SOURCE MATERIAL.
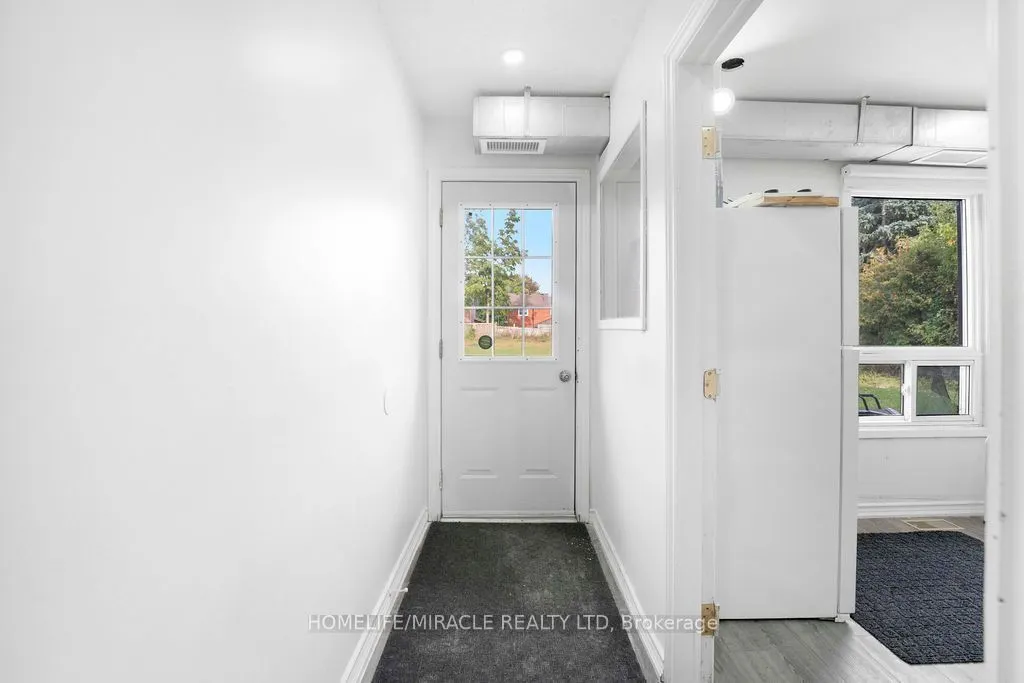 2037 Simcoe Street N #Basement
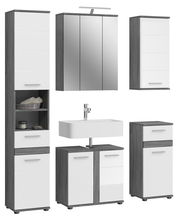 Moderne Badkombination mit Beleuchtung, bestehend aus einem Spiegelschrank, einem Waschbeckenunterschrank, einem hohen Schrank und einem kleinen Schrank, in Frontansicht.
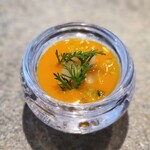 白土 - 赤パプリカのピュレ、加賀太胡瓜、白ミル貝、ノコギリ草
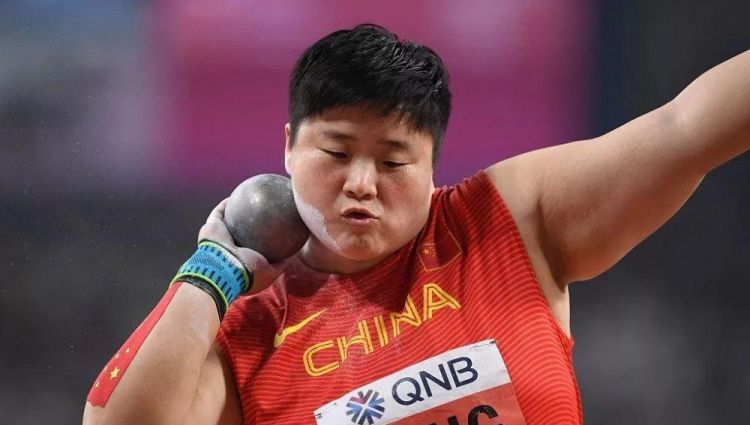女子铅球比赛中，铅球的直径必须在多少毫米之间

EXERCISE GOAL. Write out all of the data above exactly, pictures excluded.

WRITTEN RESPONSE.
 2037 Simcoe Street N #Basement
 Moderne Badkombination mit Beleuchtung, bestehend aus einem Spiegelschrank, einem Waschbeckenunterschrank, einem hohen Schrank und einem kleinen Schrank, in Frontansicht.
 白土 - 赤パプリカのピュレ、加賀太胡瓜、白ミル貝、ノコギリ草
女子铅球比赛中，铅球的直径必须在多少毫米之间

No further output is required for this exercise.